Some leaders hide behind the keyboard.
They type what they don’t want to speak because the messages will upset some people and frustrate others.
So they follow bad writing habits when they send email or chat on communication apps.
Sometimes, they just dance around what’s negative, awkward and uncomfortable. Sometimes, they just don’t know that certain words — and lack of tone in a written message — rub people the wrong way.
Then the message comes across as too harsh or unclear. And it’s almost always misinterpreted.
“Some words set us up to be misunderstood,” says Jo Anne Preston, author of Lead the Way in Five Minutes a Day: Sparking High Performance in Yourself and Your Team. “Others shut people down, make them feel excluded, and even make them dislike us.”
Be Better Than Bad Writing
But good leaders can be better than any bad writing habits.
“The idea is to think intentionally about whether our words work for or against our employees’ needs,” says Preston. “A small shift in your … habits can make a big difference.”
The first step in making that shift: Know the words you shouldn’t use in writing — email, chat, social platforms, etc. — and understand why they’re a problem.

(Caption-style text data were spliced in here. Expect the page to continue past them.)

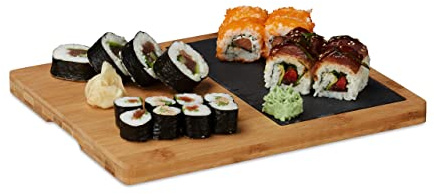 Relaxdays Bamboo Cutting Board, Slate, Handle, Serving Tray, Rustic, HxWxD: 2 x 30.6 x 25 cm, Natural Brown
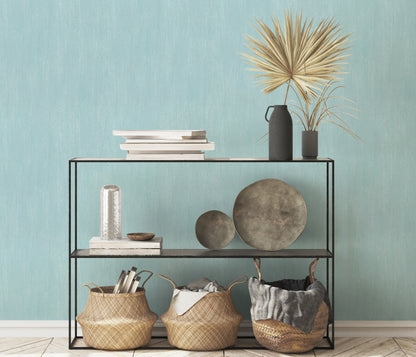 Blue Textured Wallpaper | Soft Aqua Vinyl Wallpaper | Modern Minimalist Wall Covering | Subtle Fabric Effect | Cameo Collection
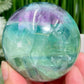 Fluorite Blue Green Purple Flashy Sphere Healing Crystal Ball 416g 63mm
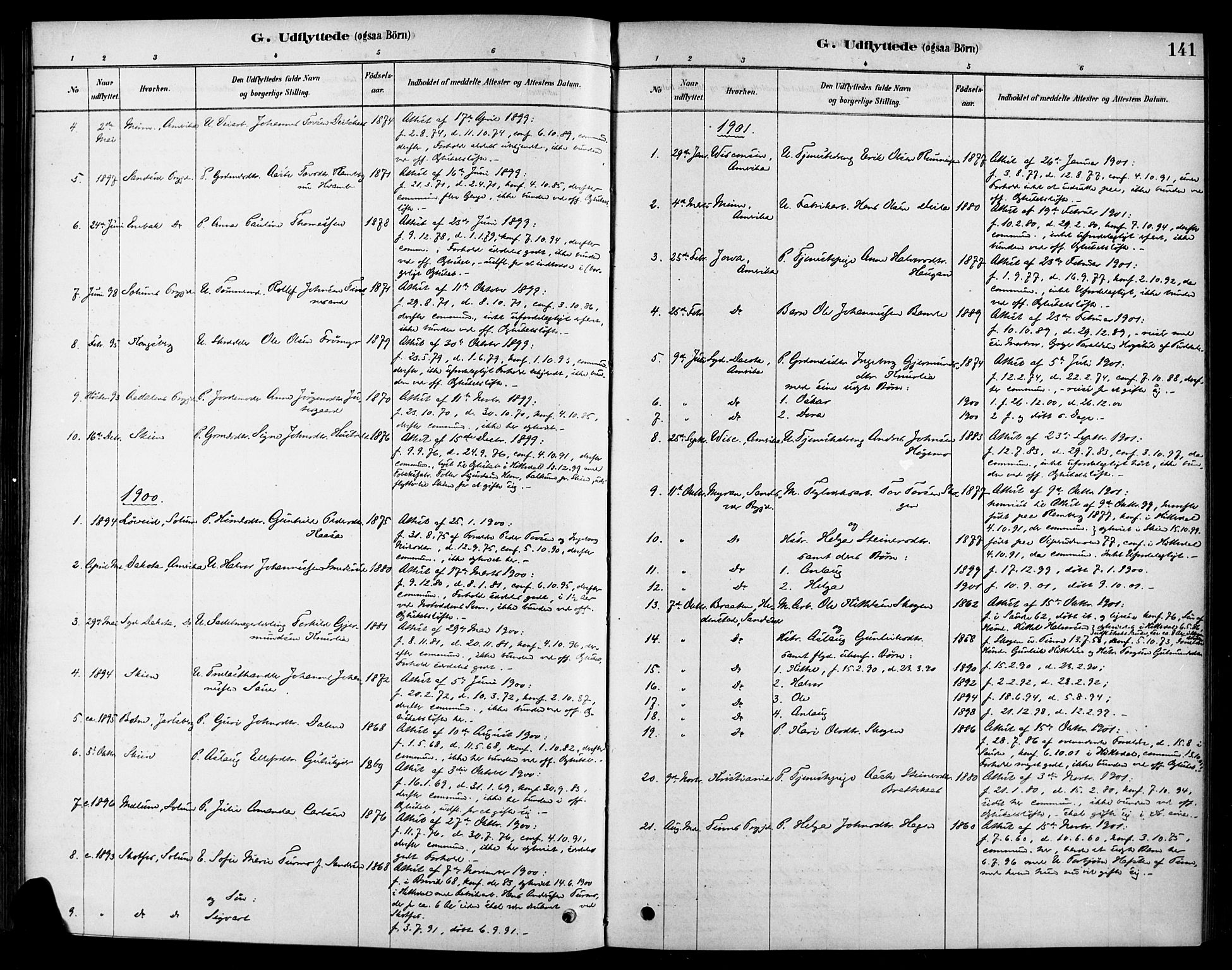Heddal kirkebøker, SAKO/A-268/F/Fa/L0009: Parish register (official) no. I 9, 1878-1903, p. 141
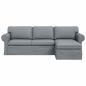 Preview: Sofa Hellgrau 215 x 138 x 80 cm Metall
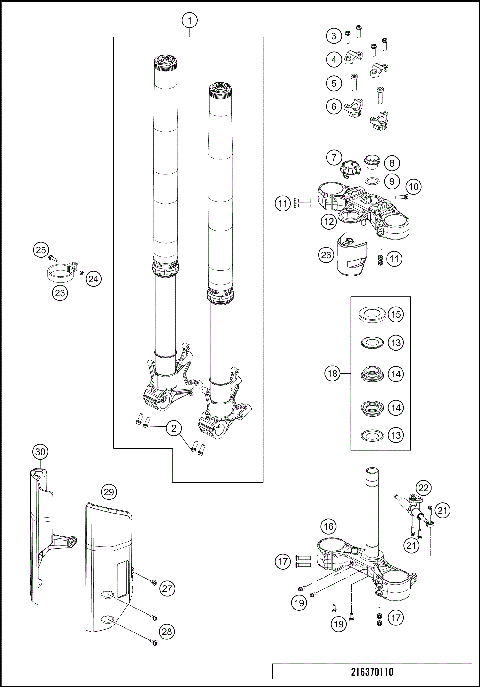 FRONT FORK, TRIPLE CLAMP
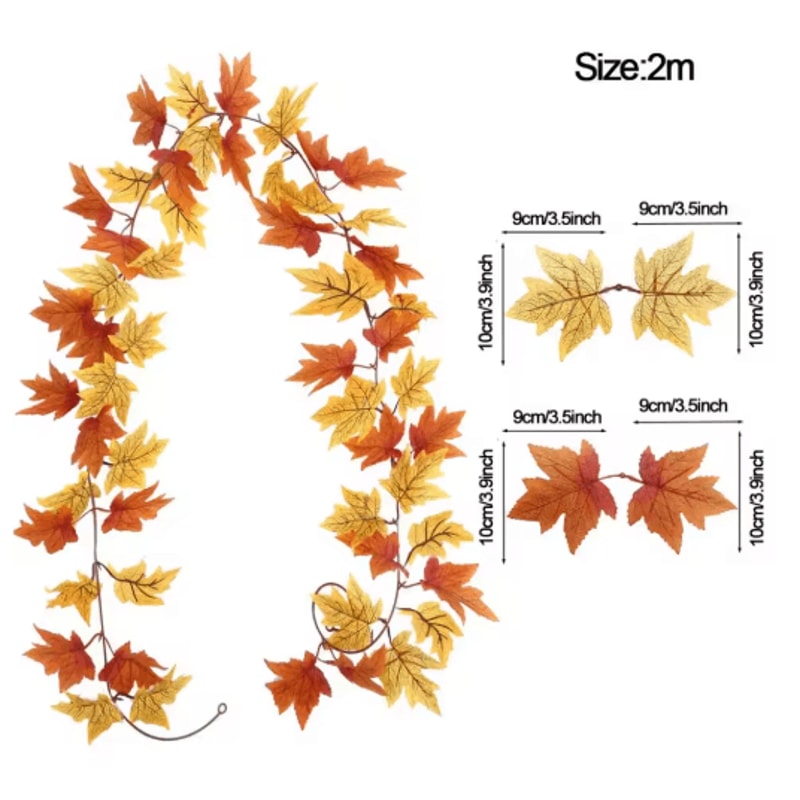 Artificial Maple Leaf Garland Autumn Vine Decor For Thanksgiving Halloween 12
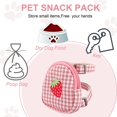 thumbnail image 3 of Arnés de mochila para mascotas con correa, paquete de 3 chalecos de malla suave bordados con fresas para mascotas y correa con gancho giratorio de 360° para gatitos, rosa, 3 of 5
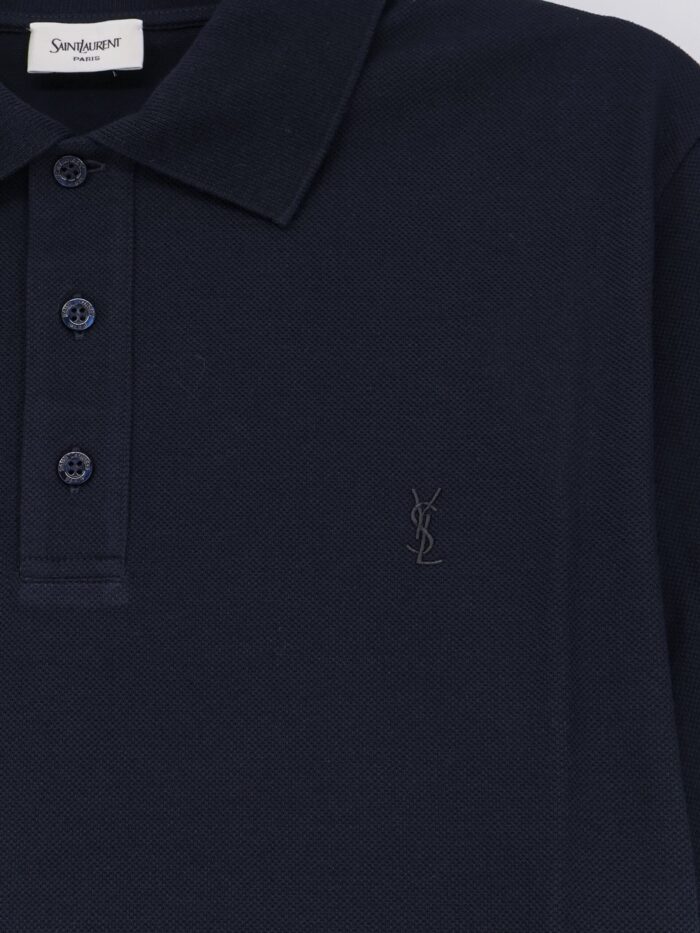 Saint Laurent Piqué Cotton Polo Shirt With Cassandre Embroidery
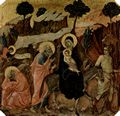 Duccio di Buoninsegna: Maest, Altarretabel des Sieneser Doms, Vorderseite, Predella mit Szenen aus der Kindheit Jesu und Propheten, Szene: Flucht nach gypten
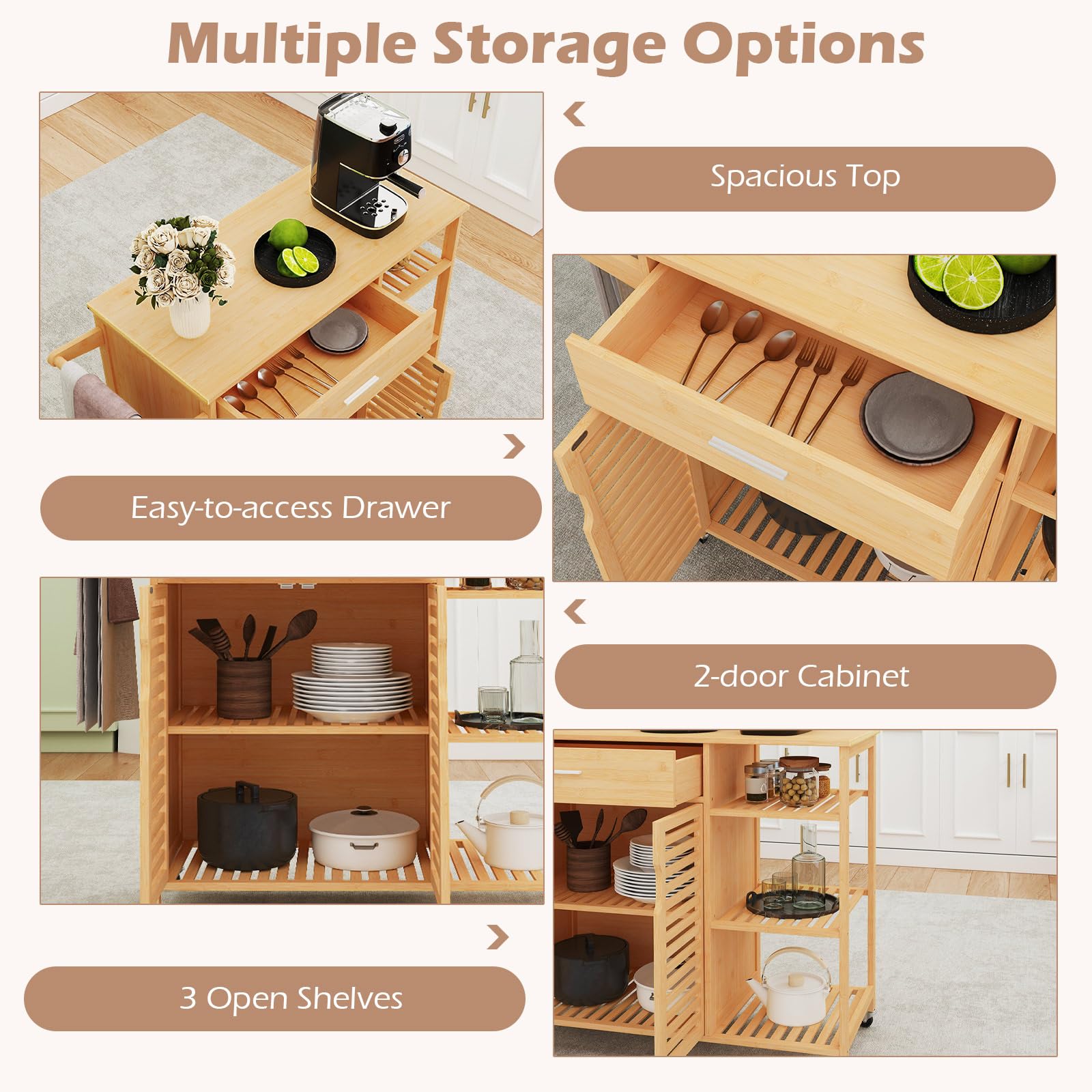 Giantex Bamboo Kitchen Island Cart, Mobile Serving Cart with Drawer, 2-Door Storage Cabinet, 3-Tier Shelves & Towel Rack, Rolling Utility Trolley for Dining Room (Natural)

Here are the two major issues behind bad writing, why they’re problems and what to do instead:
1. Using Passive-Aggressive Language
We usually think of passive-aggressive behavior — indirectly expressing negative feelings instead of openly addressing them — in verbal and physical ways. For instance, a manager says “I guess if that’s what you want to do, go ahead.” But the manager’s tone and eye-rolling suggest they really want an employee to handle the situation differently.
“Assumptions, fear of failure, conflict-aversion and poor anger management are just some of the reasons people wage their personal vendettas via email,” says Susan Room, a professional voice and executive coach.
In writing, the words and their meaning come out differently.
In fact, a survey by TollFreeForwarding.com found these seven of the most passive-aggressive written phrases used in the workplace:
- Please advise
- Friendly reminder
- Make sure
- Per our conversation
- Future reference
- Going forward
- Pay attention
Why it’s an issue? Most come off as a nudge, slight or veiled insult. They’re directives given without emotion or, in some cases, context. So recipients feel the aggressive push behind the soft, stilted language.
Better: Have a real conversation.
“Talk with — not at or to — your colleague, using a warm, direct tone of voice,” says Room. “Offer specific examples of what they say and how it impacts you, remembering this is your opinion; others may disagree. Ask if they see your point of view.”
For instance, instead of an email that says, “Going forward, you’ll need to get my approval on …” schedule a meeting to talk. Say, “When you do X, it affects how we do Y and the result is Z, which is not ideal. Can we work together on a better way to handle this going forward?”
“When speaking, you can flex your voice to communicate in the clearest, most helpful way,” says Room. “However carefully crafted, your written words may not be received the way you intended.”
2. Using Words, Phrases That Frustrate
Beyond the passive-aggressive messages are messages tainted with words and phrases that tend to frustrate the recipients.
Why it’s an issue: The more people see words that frustrate, belittle or just annoy them, the more they’ll tune out the message and its sender.
Better: “When managing a variety of people, it can be difficult to consider your every word,” says Preston. “But being intentional about prioritizing openness and understanding can make you a well-respected leader.”
That being said, here are four words and phrases that put off people most in the workplace:
- Subordinate. This creates a major chasm between the boss and employees. It can make employees feel degraded. Instead, write “team” or “employees” to increase unity.
- LDI, ROI, HRSA, HIT (or any acronym). Problem is, people might not be familiar with your acronym. And when it’s in writing, they’ll be less likely to ask what it means. Instead, spell it out on the first mention, and follow that with its acronym in parenthesis. Use the acronym in the message after that.
- I/me. Too many mentions of what you think, expect or do put off readers. Instead, use “we” and “us” more.
- The girls. You guys (and similar groupings). For instance, “referring to a department made up of all women as ‘the girls’ will be offensive to most grown women,” says Preston. “You guys” — referring to a group of people — isn’t inclusive. Instead, write (and say) “team,” “everyone,” “folks,” or “y’all.”